Revision history for this message
Boris (kervyn) wrote :

@ddstreet The problem for my use case is: I am not abled to install npm anymore, to use a dockerized ci, because the container do not build anymore nor to update our 18.04 containers.

I understand WHY you did it, but I didn't expect to get a broken LTS after half of a year. And a couple of packages on a standard "LAMP stack" (also for other non php web environments) depend on libssl-dev.

So my question is: how do I fix this in an automated way on several hundred container? Do I really have to package my own stuff?
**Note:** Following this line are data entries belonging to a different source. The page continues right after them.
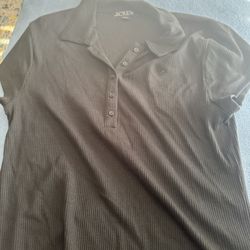 J.Crew Polo Tee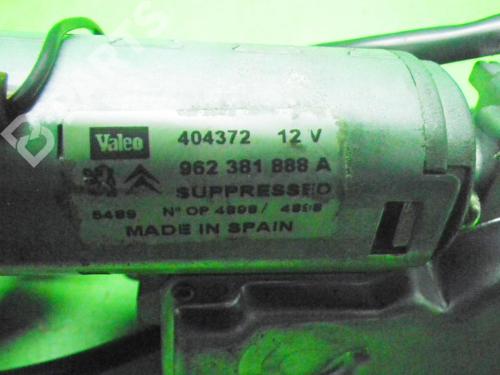 Viskermotor bagrude CITROËN XSARA (N1) 2.0 HDi 90 | BP7214934M102 
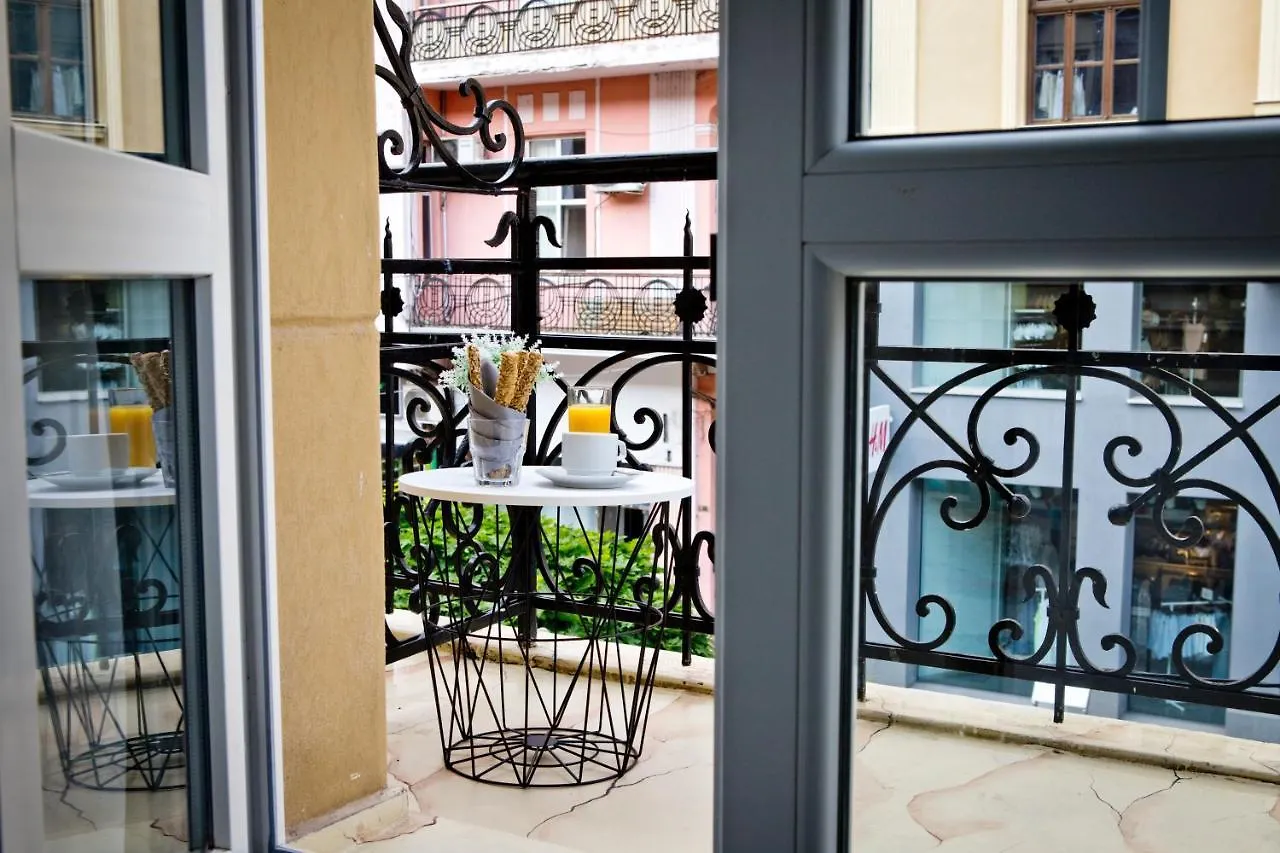 Plovdiv City Center Hotel 3*,
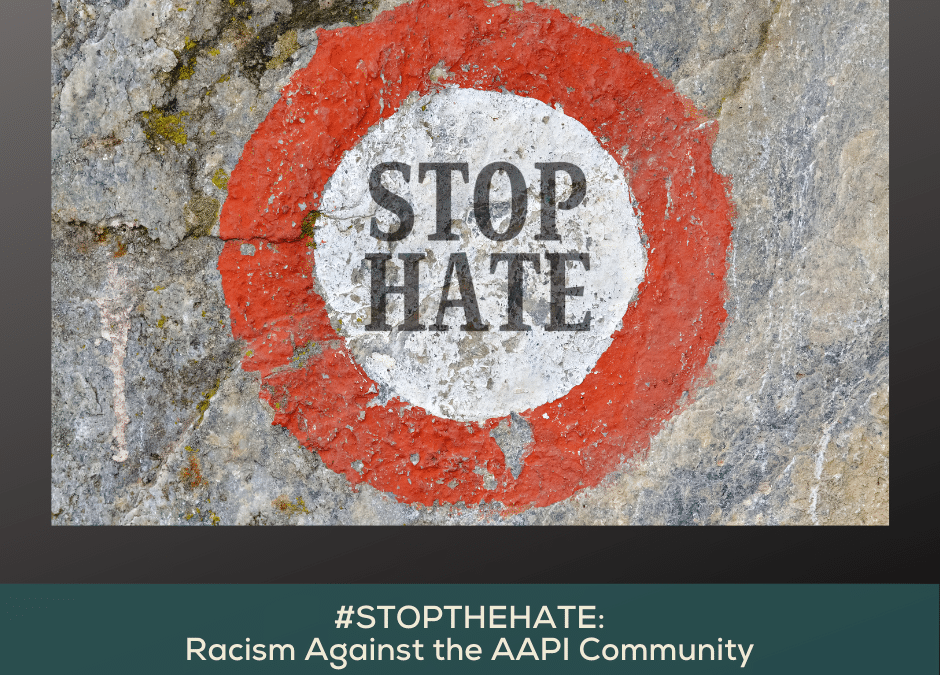 #StopAsianHate – CMD-IT’s Statement concerning AAPI Racism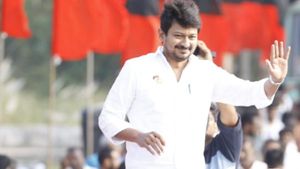 10 தொகுதியில் விளையாட்டு மைதானங்கள்.. பட்ஜெட்டில் வெளியாக உள்ள அறிவிப்பு.. சீக்ரெட்டை உடைத்த உதயநிதி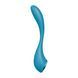 Універсальний вібратор Satisfyer G-Spot Flex 5+ Petrol SO7804 фото 3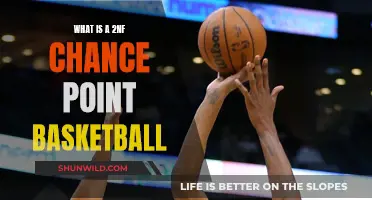 Unraveling the Mystery: 2NF Chance Point in Basketball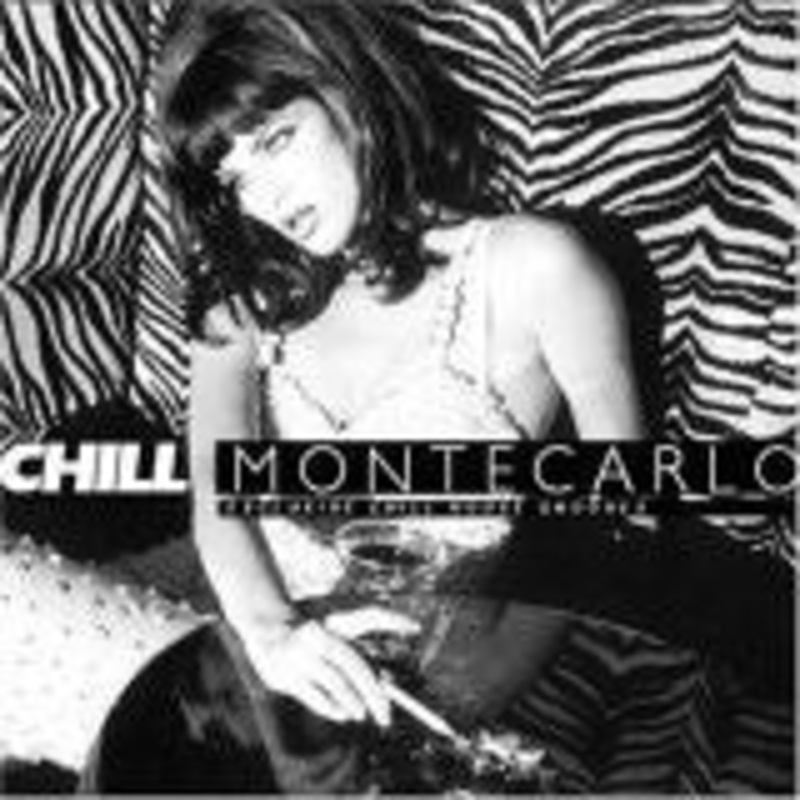 Various – Chill Montecarlo (CD, Comp) (Very Good Plus (VG+))
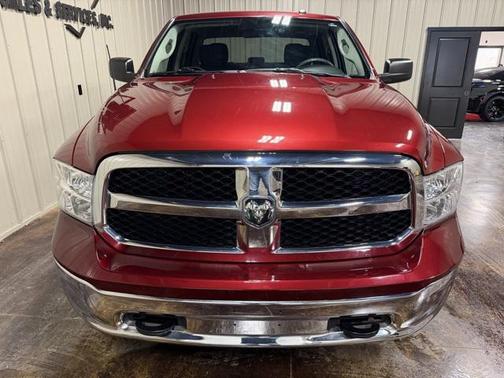2022 RAM 1500 Tradesman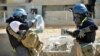 Progress On Eliminating Syria's Chemical Weapons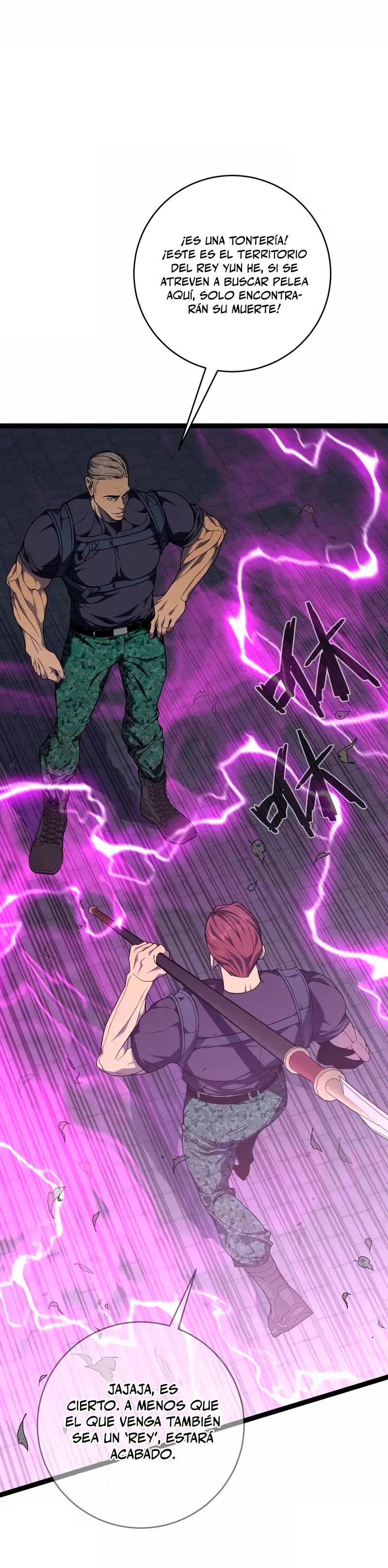 Tu talento ahora es mio! > Capitulo 101 > Page 51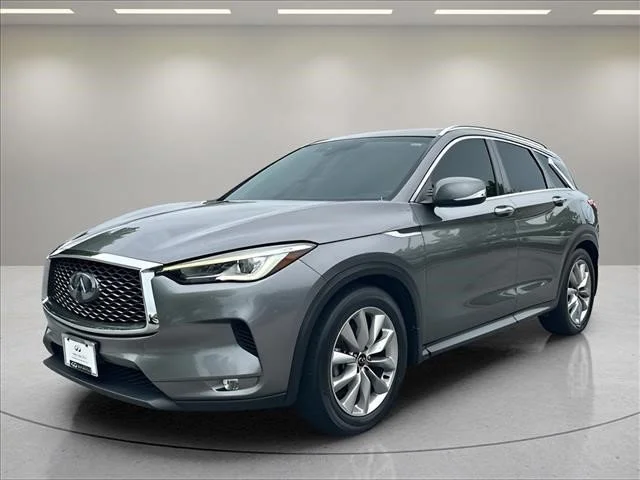 2020 INFINITI QX50 LUXE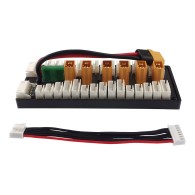 ToolkitRC Multi 2S-6S Lipo Adapter równoległy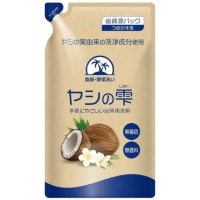 KANEYO Dishwashing Liquid with Coconut Oil - Гель для мытья посуды с кокосовым маслом.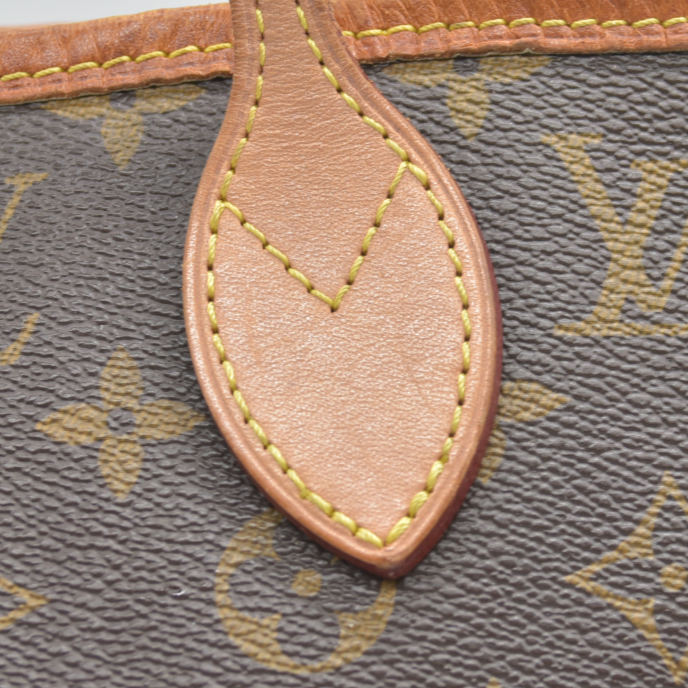 $2170 CONSIGNMENT Louis Vuitton Neverfull MM Monogram Tote 2018 SD4178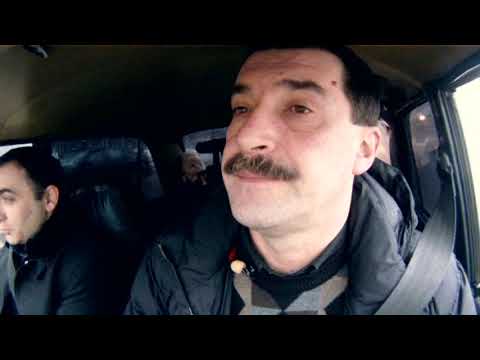 Видео: Как я ездил в Москву. Первая серия. Мигалки.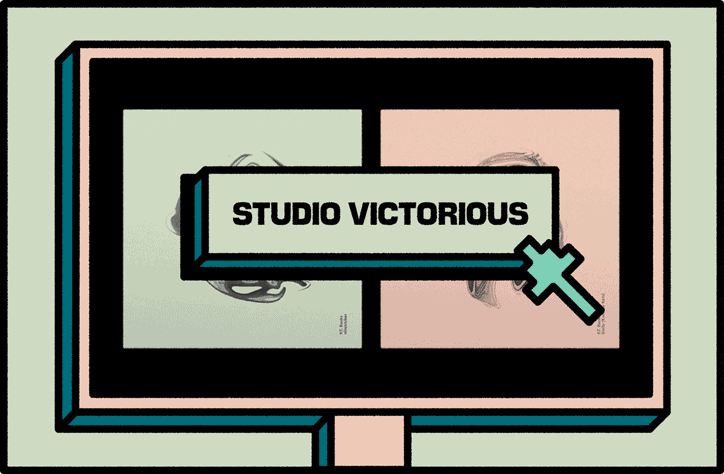Submit Saturdays: Warped images and experimental methods from Studio Victorious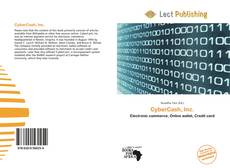 Bookcover of CyberCash, Inc.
Do I have to open a bug in the libssl bugtracker?

Revision history for this message
Dan Kegel (dank) wrote :

Can you comment out universe from bionic-updates in /etc/apt/sources.list ?
That works for me, at least for now.

Revision history for this message
Boris (kervyn) wrote :

I could, but then I would miss packages like php7.2-fpm or nginx.

Revision history for this message
Dan Kegel (dank) wrote :

Can you pin the version of nodejs (either in the command that installs it, or in apt configuration)?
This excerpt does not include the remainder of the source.